About this task:
Only the lines from the one containing "螢光斑馬魚介紹，螢光斑馬魚是什麼魚？" through the end of the records should be retyped, exactly and including both ends; pictures stay out.

Records for this task:
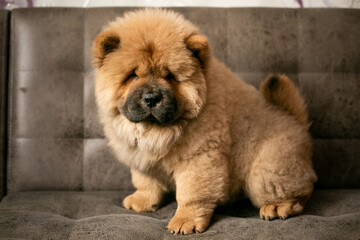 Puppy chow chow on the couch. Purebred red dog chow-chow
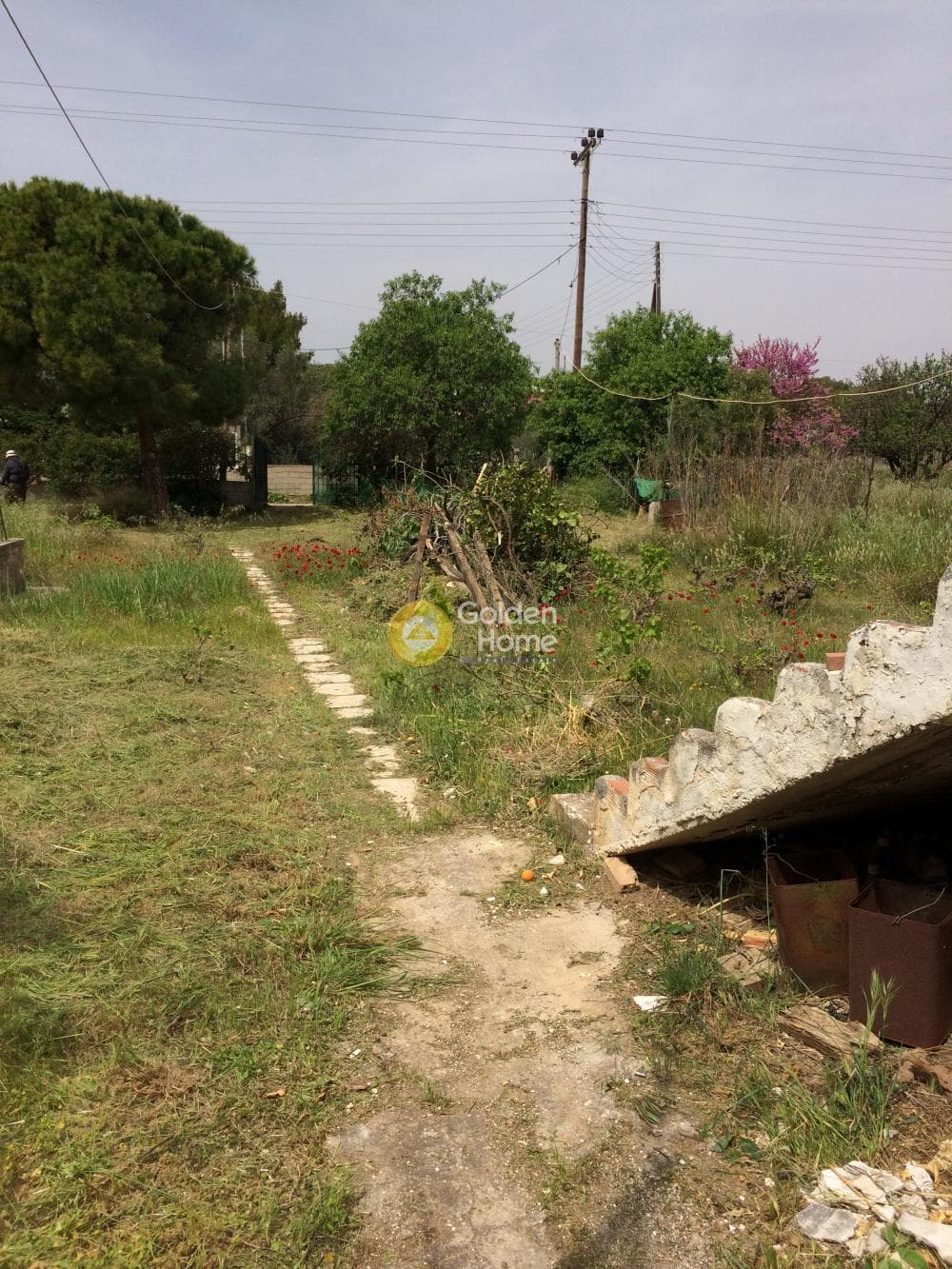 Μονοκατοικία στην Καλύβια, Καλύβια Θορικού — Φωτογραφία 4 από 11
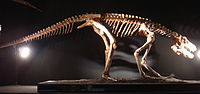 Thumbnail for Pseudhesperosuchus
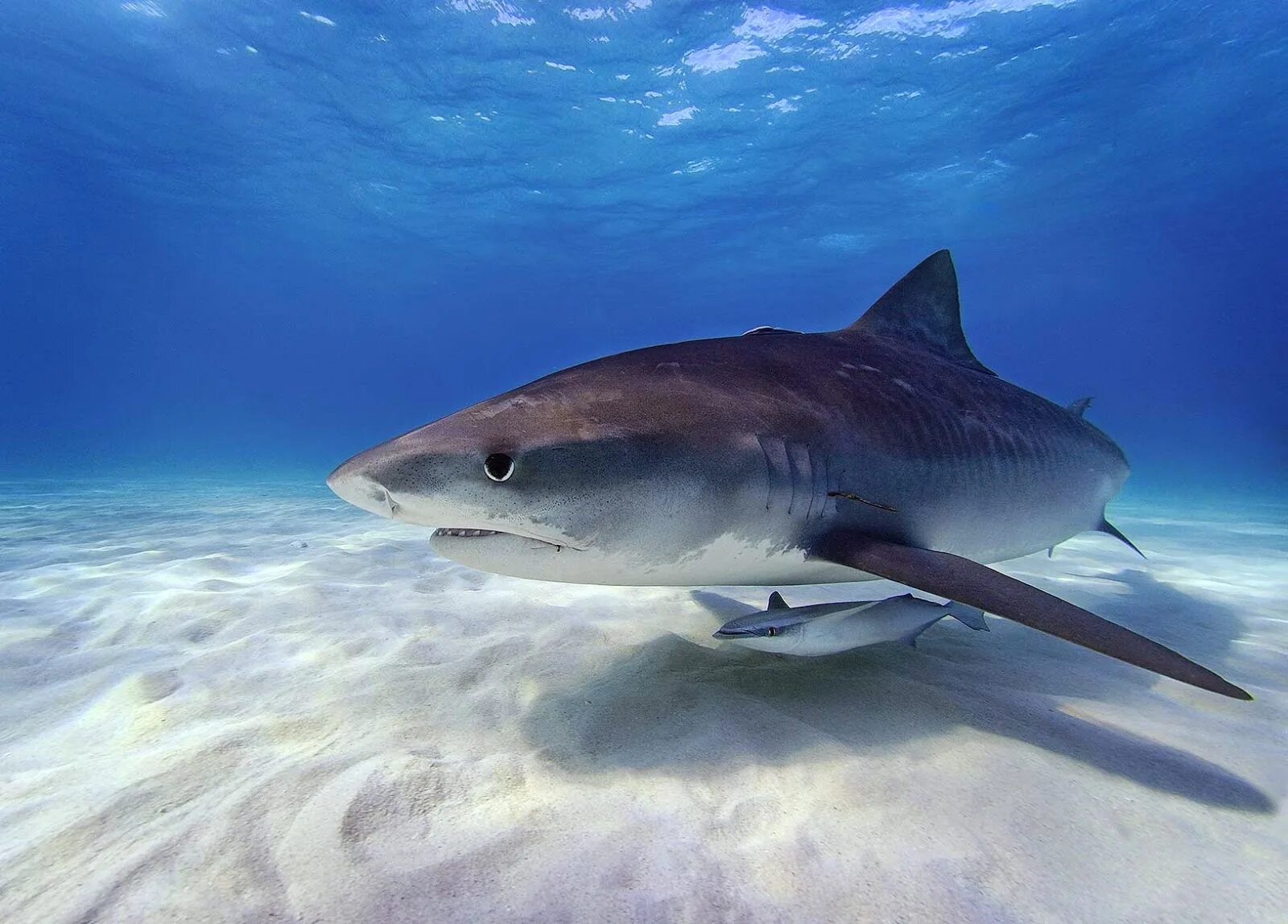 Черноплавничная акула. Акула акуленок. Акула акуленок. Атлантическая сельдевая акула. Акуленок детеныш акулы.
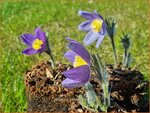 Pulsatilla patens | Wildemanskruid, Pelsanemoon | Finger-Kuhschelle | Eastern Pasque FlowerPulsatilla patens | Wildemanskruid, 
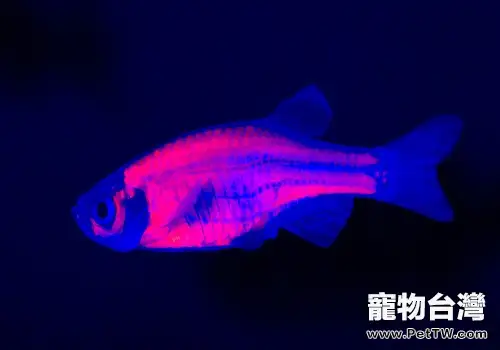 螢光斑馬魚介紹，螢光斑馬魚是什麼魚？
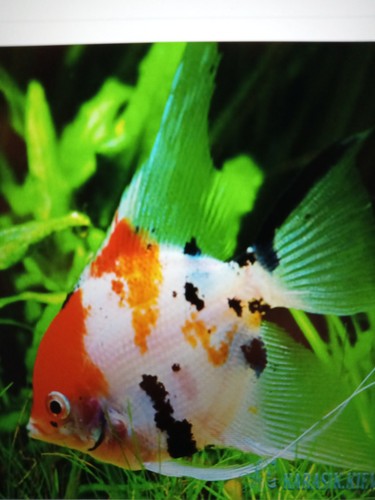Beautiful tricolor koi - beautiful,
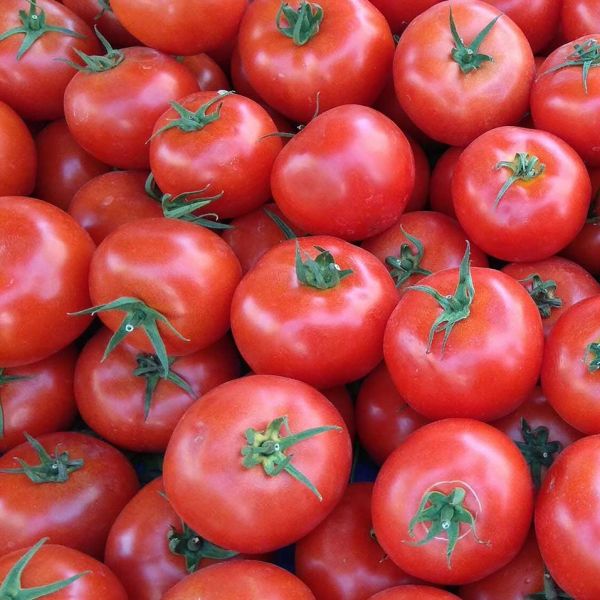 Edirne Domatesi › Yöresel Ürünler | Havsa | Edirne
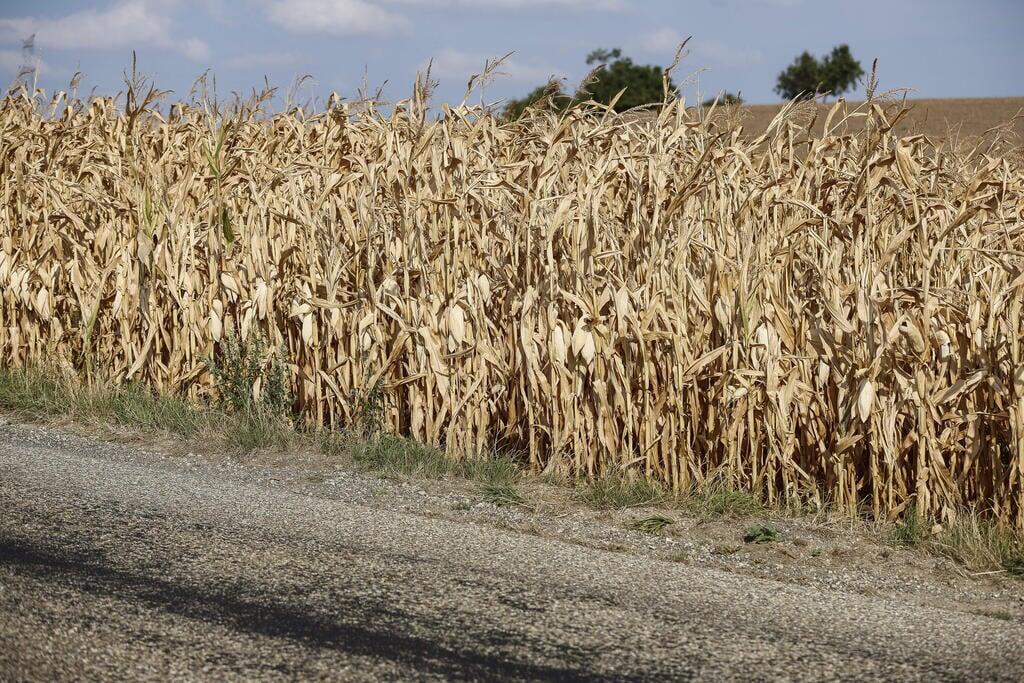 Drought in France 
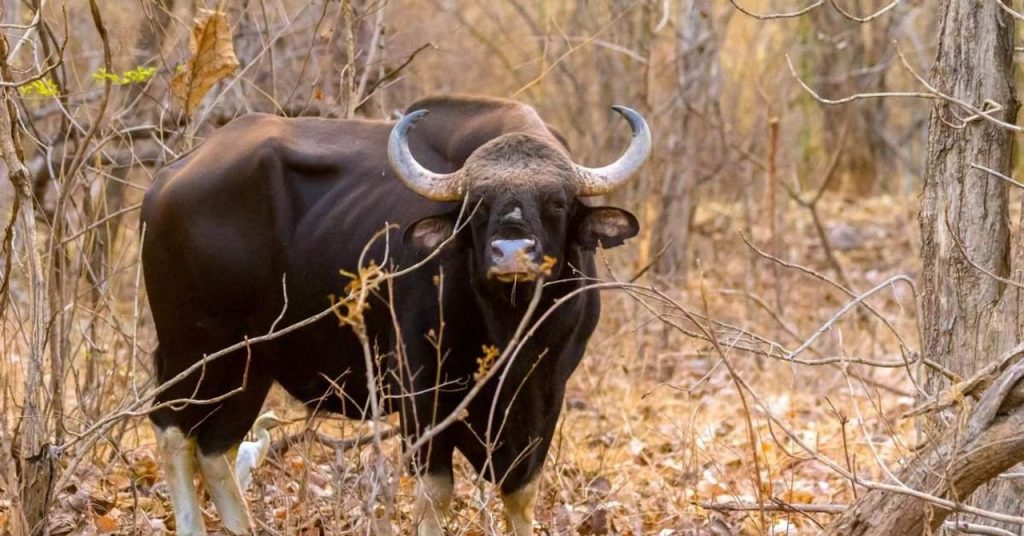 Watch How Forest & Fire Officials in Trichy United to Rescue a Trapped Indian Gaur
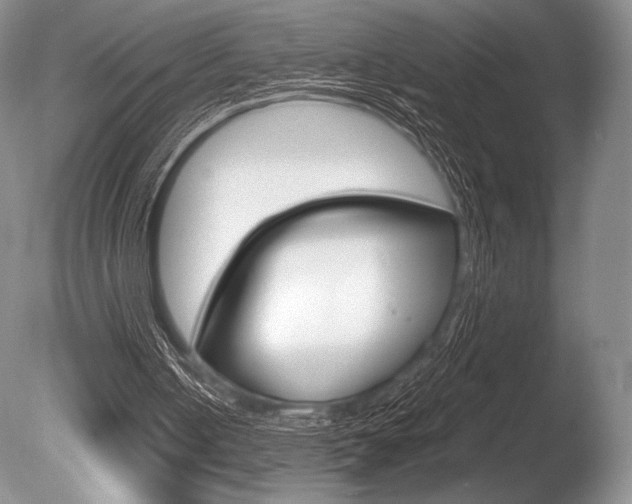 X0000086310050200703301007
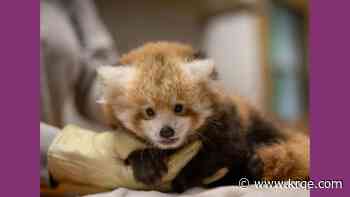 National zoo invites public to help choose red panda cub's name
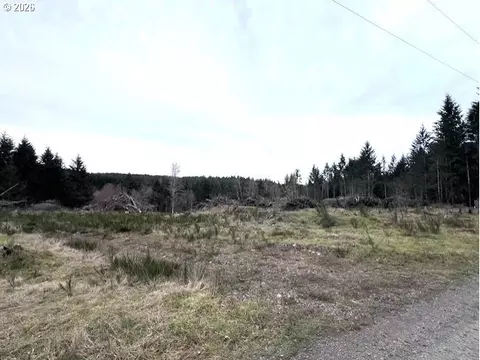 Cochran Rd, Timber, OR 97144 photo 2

Result of this exercise:
 螢光斑馬魚介紹，螢光斑馬魚是什麼魚？
Beautiful tricolor koi - beautiful,
 Edirne Domatesi › Yöresel Ürünler | Havsa | Edirne
 Drought in France 
 Watch How Forest & Fire Officials in Trichy United to Rescue a Trapped Indian Gaur
 X0000086310050200703301007
 National zoo invites public to help choose red panda cub's name
 Cochran Rd, Timber, OR 97144 photo 2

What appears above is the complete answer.